Colloque sur les Indications Géographiques au regard du Droit.

Jeudi 21 novembre 2024 avait lieu au sein de l’Université de Perpignan un colloque autour de la notion d’Indication géographique pour les produits artisanaux et industriels.

Le législateur français a été l’un des premiers pays de l’UE à instaurer une protection spécifique pour les produits industriels ou artisanaux (loi Hamon du 18 mars 2014) qui profite à ce jour à 19 produits dont le Grenat de Perpignan et la Pierre du midi.

Près de dix ans après, le règlement relatif à l’enregistrement, la protection et le contrôle des indications géographiques (IG) visant des produits artisanaux et industriels possédant une qualité, réputation ou autre caractéristique déterminée liée à leur origine géographique a été publié le 18 octobre 2023.

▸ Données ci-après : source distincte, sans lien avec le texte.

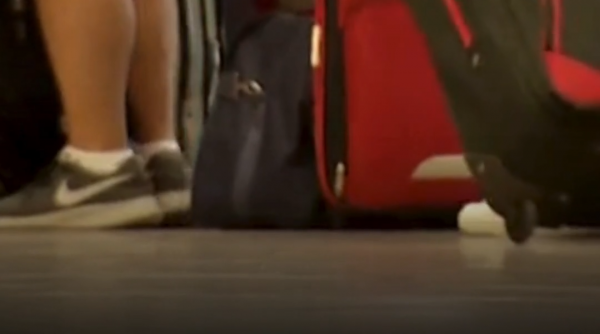 Au dispărut 700.000 de euro din biroul Vămii Otopeni. Fuseseră confiscați de la un bărbat care venea din Dubai și trebuiau dați înapoi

La protection des IG intéresse fortement le droit de la concurrence et le droit de la consommation qui étaient jusqu’alors les seuls à pouvoir être mobilisés pour protéger le lien entre une dénomination géographique et un produit, plus généralement pour défendre les producteurs et les distributeurs contre des rattachements géographiques frauduleux.

Le règlement promet l’uniformisation en ce qu’il instaure un titre de l’Union européenne qui sera protégé sur le territoire des États membres de l’Union européenne. Il devra toutefois coexister avec les autres fondements préexistants (concurrence ; consommation ; autres droits de propriété intellectuelle) qui peuvent connaître des disparités nationales.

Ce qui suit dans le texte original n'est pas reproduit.